Ch. 111 - The wanderer

(From Handbook For Humans)

We don’t necessarily take on heroic archtypes in any particular order, but do tend to cycle through them again and again, learning their lessons at deeper levels.

Yet the wanderer is often the first heroic archtype of our journey. The wanderer arises when the pain of being an orphan becomes too great, and we feel that we must set out on a journey to find some answers. So in one way or another, the wanderer leaves the safe confines of normal life, or the normal way of doing things.

As a wanderer, we’re looking for something different, a new answer. So we set out on a new course, away from our normal consolations, on a path into the unknown.

An enduring theme in art and mythology is the story of someone on a journey. The traveler, the knight, the cowboy, the prince or princess seeking something—the treasure, the goal, the holy grail that will lend meaning or fulfillment to life and remove its sense of disjointedness.

The journey may be inner or outer, of course, and it may not look dramatic. It can be something as simple as trying out a new style of doing something, or something as profound as beginning a spiritual path. Since it doesn’t necessarily look a particular way, our external circumstances may or may not stay the same when we begin our journey.

Often, the wanderer’s story begins in captivity. In fairy tales this is often a literal captivity in cave or castle, perhaps imprisoned by a dark force or a spell or a dragon. Closer to home, we may just feel that our life is confining in some way. Our relationships, our society, our job, even life itself may come to seem oppressive.

The wanderer breaks free in some way, attempting to find something that feels more life-affirming, more authentic, more real and alive.

The journeys of both the Buddha and Francis of Assisi began this way. In both cases they possessed “everything”—status, money, kinship, pleasure, etc.—and yet in the midst of this plenty felt that something was still missing. So Francis renounced all his possessions, and the future Buddha left a kingdom and a family and rode off at night into the forest and an unknown fate.

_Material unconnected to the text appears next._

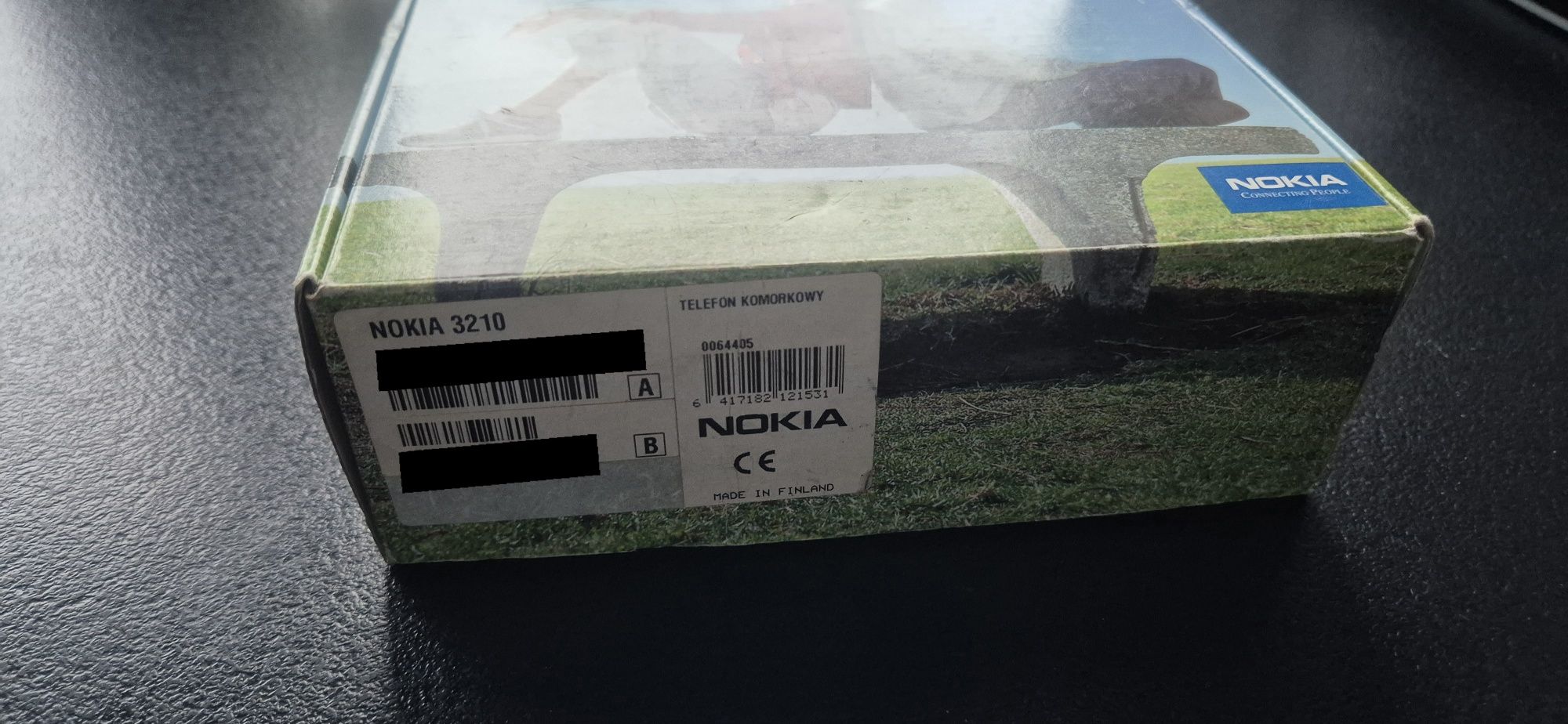 Pudełko do Nokia 3210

But our journey need not necessarily involve a change in our circumstances. Sometimes we begin our journey while still fulfilling our customary roles in life, as a spouse or parent or worker or whatever. Or maybe not—nobody can say except for us. But one way or another, we’ve begun searching.

This in itself already alters our relationship to pain and suffering. For by taking on the archetype of the wanderer, we’ve declared that life is not fundamentally pain, but rather, an adventure.

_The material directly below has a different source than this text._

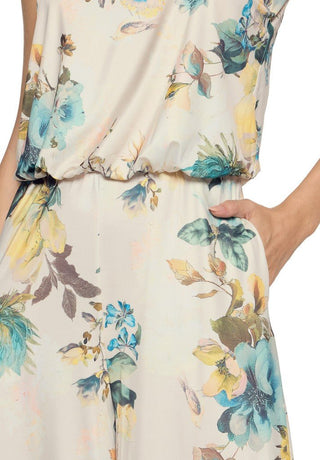 Liliana flower jumpsuit - Dresses Boutique B.V.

The danger of the wanderer archetype is the loss of community, of being self-absorbed and thus missing the joys of love and giving and relationship. But what we can learn from it is to trust ourselves, to trust our inner knowingness, our sense of what is right for us.

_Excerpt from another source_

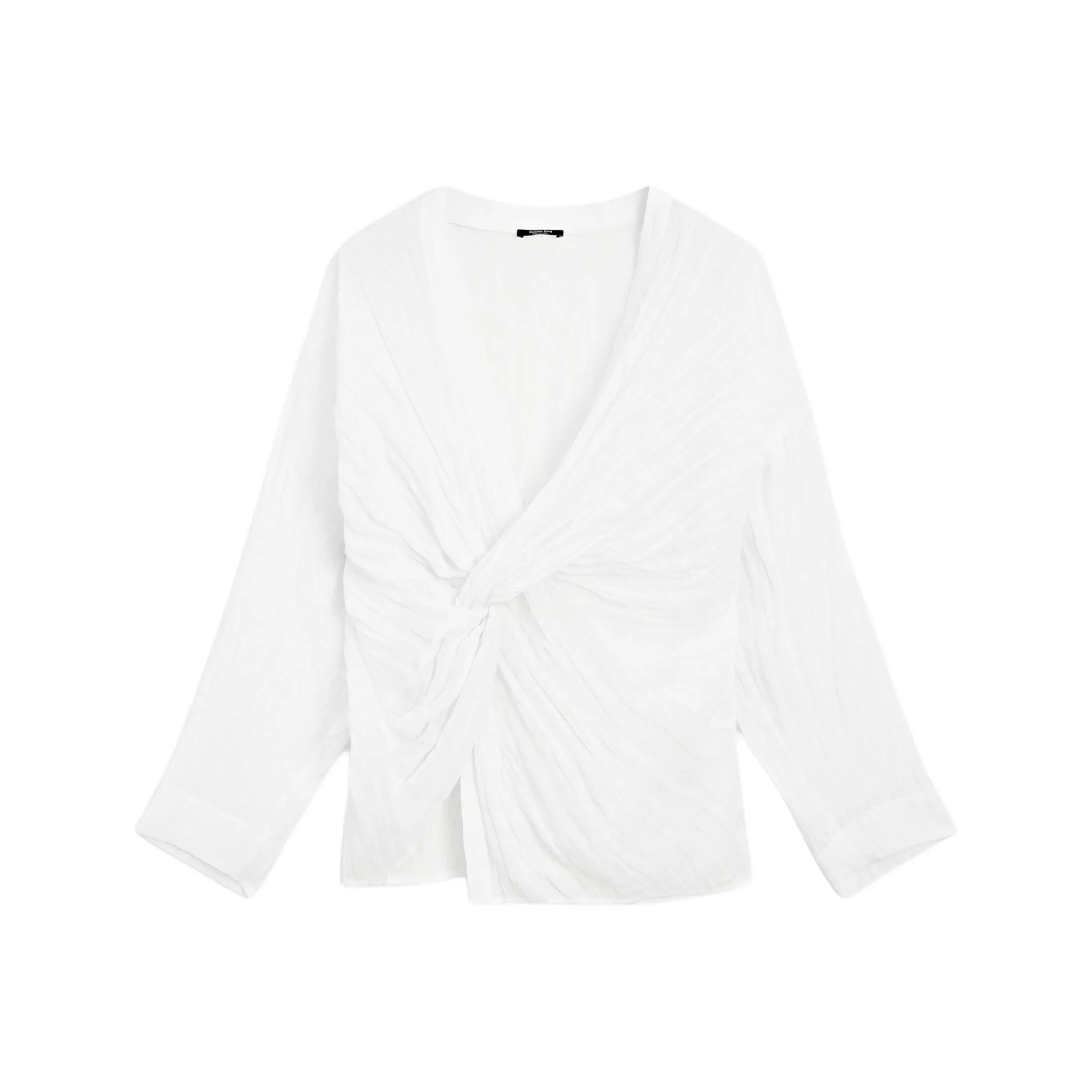 Massimo Dutti Белые Женские Рубашки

One quintessential form of the wanderer archetype is the spiritual search. There isn’t any way to have somebody else go inward for us, not even a master. For even when it’s done with a group of like-minded people, the journey inward is still always a solitary one, always unknown, always to some extent uncharted. Like all journeys of the wanderer.

Above all, the journey of every wanderer takes courage and a measure of trust in existence. And so those are the first things that it teaches.